Earlier today, Indiana governor Mike Pence hastily called for the state legislature to pass a law clarifying that his state’s universally pilloried Religious Freedom Restoration Act does not give carte blanche to discriminate against anyone–including gays and lesbians–on religious grounds. This came almost exactly 48 hours after he steadfastly vowed on national television that no such changes would be made. What changed from Sunday to today? Well, it’s hard not to believe that the final straw was a not-so-gentle push from his state’s largest newspaper, The Indianapolis Star. This morning’s edition led with a scathing front-page editorial demanding that the state legislature pass a human rights law banning discrimination on the basis of sexual orientation.
Want to know just how upset The Star’s editorial board was with this law? It not only moved this editorial to the front page–a rarity for any big-city paper–but used a three-inch headline that made its stance known in no uncertain terms: ‘FIX THIS NOW.’ To The Star’s mind, RFRA has done “enormous harm” to Indiana, and the damage will only get worse unless Pence and the legislature take “bold action”–and soon. If RFRA remains on the books as originally enacted, The Star argues, it will not only ruin Indiana’s image as “a state that embraces people of diverse backgrounds,” but will make it harder to attract jobs and workers.

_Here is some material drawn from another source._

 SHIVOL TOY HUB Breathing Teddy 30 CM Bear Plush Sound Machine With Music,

The Star does not believe repealing the law–as the Democrats in the legislature have demanded–is a realistic option. Not only there are many Hoosiers who have “a genuine desire to protect religious freedom,” but it does not think repealing the law will “move the state forward.” At the same time, it believes that it is possible for a state human rights law to co-exist with RFRA. It points out that neighboring Illinois has a religious freedom law on the books, but also gives LGBT residents protected status. As The Star sees it, this law has put Indiana in “a state of crisis”–one that can only end if the state’s leaders move quickly to ensure that “all Hoosiers have strong protections against discrimination.”
How strongly does The Star feel about this? It’s started a hashtag campaign, “#WeAreIndiana,” to let the rest of the world know that Indiana does not discriminate. At least one state agency seems to have taken up the chant, based on this tweet from the state Office of Tourism Development’s official Twitter account:
ALL are welcome here. #WeAreIndiana
? Visit Indiana (@VisitIndiana) March 31, 2015
The Star has also provided accompanying Facebook profile pictures and cover pictures for those who want to join in the campaign. The message is obvious–The Star sees this as an issue on which there is no other side. When you consider the numerous religious right leaders who have stated that this law was indeed intended to give legal sanction to discrimination, it’s hard not to agree with The Star.

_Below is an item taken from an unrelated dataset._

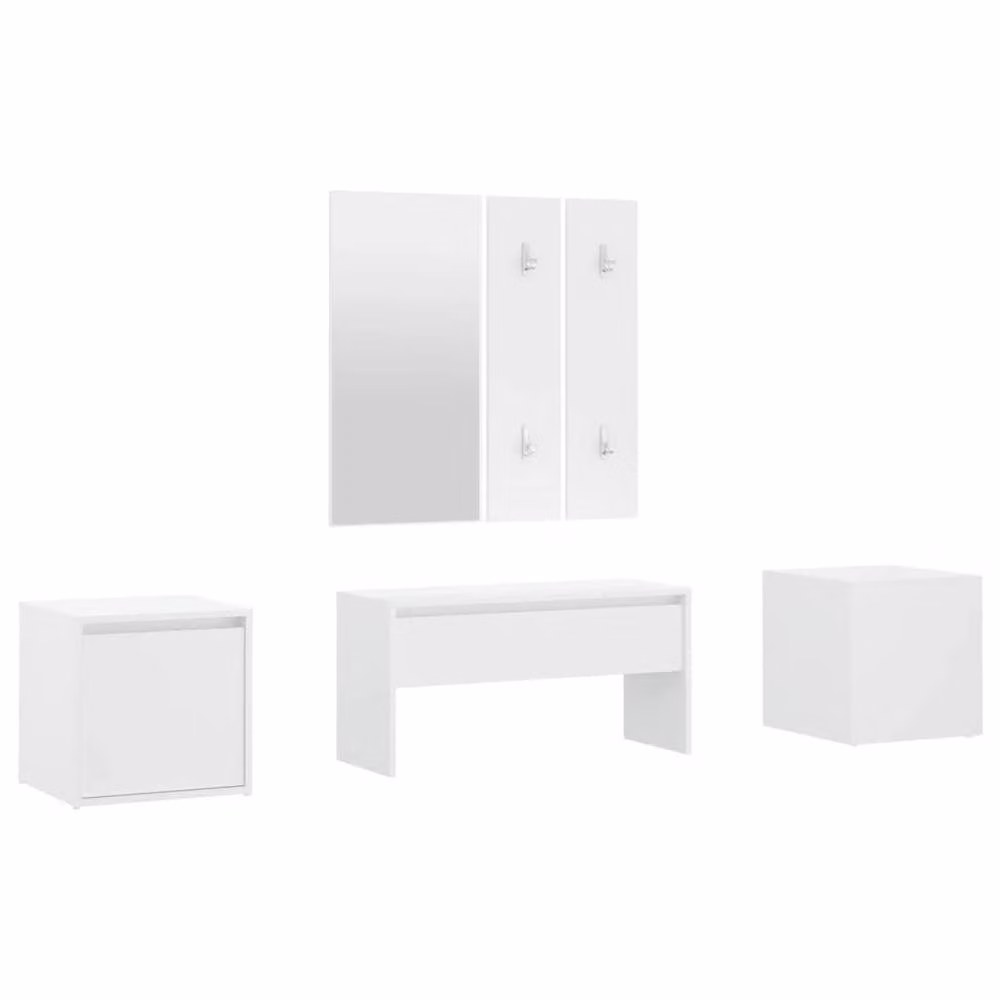 Berkfield Home White MDF Hallway Furniture Set with Bench, Mirror and Wall Rack – 2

As bold as this is, it’s even more so when you put it in historical context. For most of its history, The Star has been a strongly Republican paper. From 1944 to 2000, it was owned by the Pulliam family, maternal relatives of former Vice President Dan Quayle. However, a little digging reveals that the paper endorsed Lyndon Johnson in 1964–one of only three times in the last half-century that it hasn’t endorsed a Republican for president; it didn’t endorse anyone at all in 2008 and 2012. When you combine that with today’s editorial, it’s hard not to think that this paper’s brand of Republicanism is of the old-school “Main Street” variety, as opposed to the tea party and religious right variety espoused by Pence.

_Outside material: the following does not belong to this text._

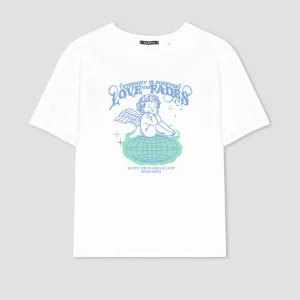 Tee-shirt Washed Flame Of Love White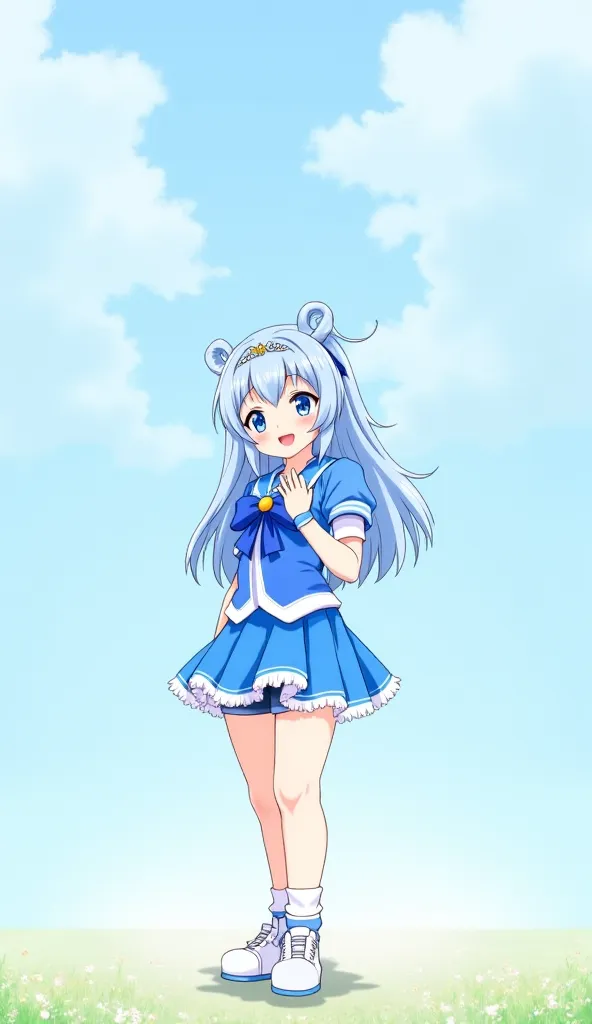 masterpiece,best quality,High Resolution,super detailed,treasure,blue theme, Cure Beauty,tiara,Head Wings,light blue hair tied at the top,long hair,side lock,Hair Tube,choker,(Magical Girl:1.3), bow tie, Blog, shirt,blue  shirt,short sleeve,  wrist cuffs ,...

From what I know about Indiana, it’s one of the few states where a newspaper endorsement or editorial can still move the needle. That’s why it seems pretty obvious that this editorial is what forced Pence’s hand. He could blow off all the criticism from across the nation. He could have even dismissed the criticism from Indianapolis mayor Greg Ballard; while Ballard is a Republican like Pence, he leads a city that has undergone a dramatic transformation from red to blue since the dawn of the new millennium, and it’s not likely that Ballard could have backed this law and kept his job. However, when the state’s largest newspaper–one that has historically been very Republican–says this law is a disaster, there was no way that Pence could possibly ignore it. Now let’s hope the legislature does take The Star’s advice and fix this terrible law.